Brazil central bank has finalized a comprehensive regulatory framework that places crypto companies under the same level of scrutiny as traditional financial institutions. The move marks a major step toward integrating digital assets into the country’s formal financial system while tightening oversight on stablecoin transactions and wallet transfers.
Under Resolutions 519, 520, and 521, published on Monday, the Banco Central do Brasil (BCB) established operational and licensing standards for a new category of regulated entities known as Sociedades Prestadoras de Serviços de Ativos Virtuais (SPSAVs)—virtual asset service providers authorized to operate within Brazil.

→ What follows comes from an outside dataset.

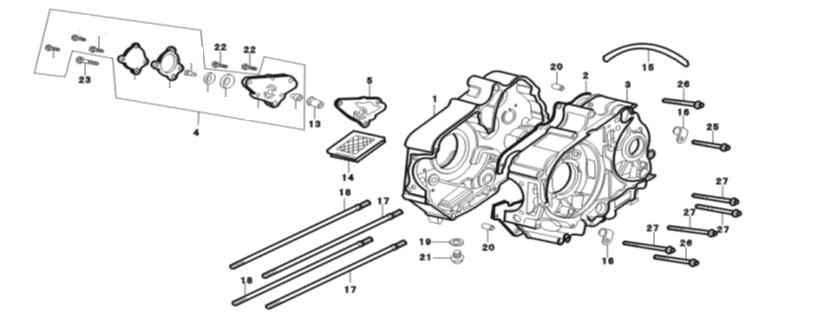 37 Crankcase Cover / Oil Pump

The new rules extend Brazil’s existing framework on consumer protection, transparency, and Anti-Money Laundering (AML) to crypto brokers, custodians, and intermediaries.

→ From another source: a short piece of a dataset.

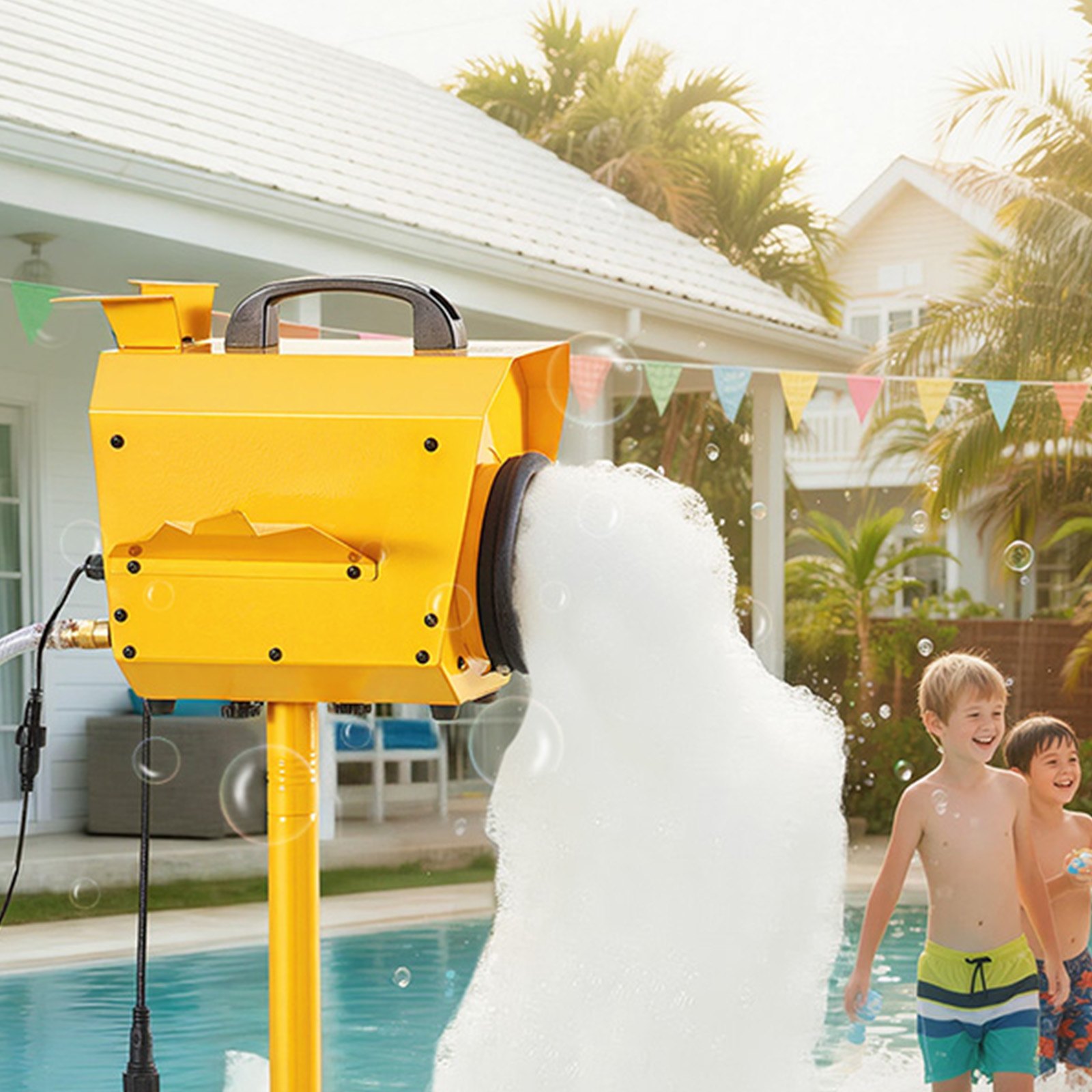 Máquina de espuma VEVOR, cañón de espuma con control de ángulo ajustable para fiestas, cañón de burbujas con tanque de agua de 21 cuartos, diseño vertical estable, generador de espuma densa para reuniones, celebraciones y fiestas.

The regulations will come into effect on February 2, 2026, with mandatory reporting on capital-market and cross-border operations beginning on May 4, 2026.
One of the most significant developments under Resolution 521 is the classification of stablecoin transactions as foreign-exchange (FX) operations. This includes the purchase, sale, or exchange of fiat-pegged digital assets and international payments using them. As a result, stablecoin activity will now be subject to the same documentation and compliance standards as cross-border currency transfers.
Licensed FX institutions and the new SPSAVs will be permitted to perform these operations, though transfers with unlicensed foreign entities will be capped at $100,000 per transaction.
The rules also address transfers involving self-custodied wallets, a previously unregulated area. When intermediated by a regulated service provider, these transactions must include verification of both the sender’s and receiver’s identities, ensuring transparency even when transfers occur within the country.
While self-custody remains legal, exchanges and brokers must now treat wallet interactions as regulated FX activities, closing a major gap in AML oversight.
The BCB said the new framework aims to enhance “efficiency and legal certainty,” reduce opportunities for regulatory arbitrage, and ensure that stablecoin flows are accurately reflected in Brazil balance-of-payments (BoP) statistics.
BCB President Gabriel Galipolo recently noted that 90% of Brazil’s crypto activity involves stablecoins, primarily for payment. This poses challenges for money-laundering controls and taxation. Galipolo said that the new measures are designed to bring greater transparency to this growing segment.
While the rules provide legal clarity for the crypto industry, they may increase compliance burdens for smaller firms, forcing them to meet banking-level operational standards. However, larger institutions could benefit from a clearer regulatory environment that could attract more institutional capital.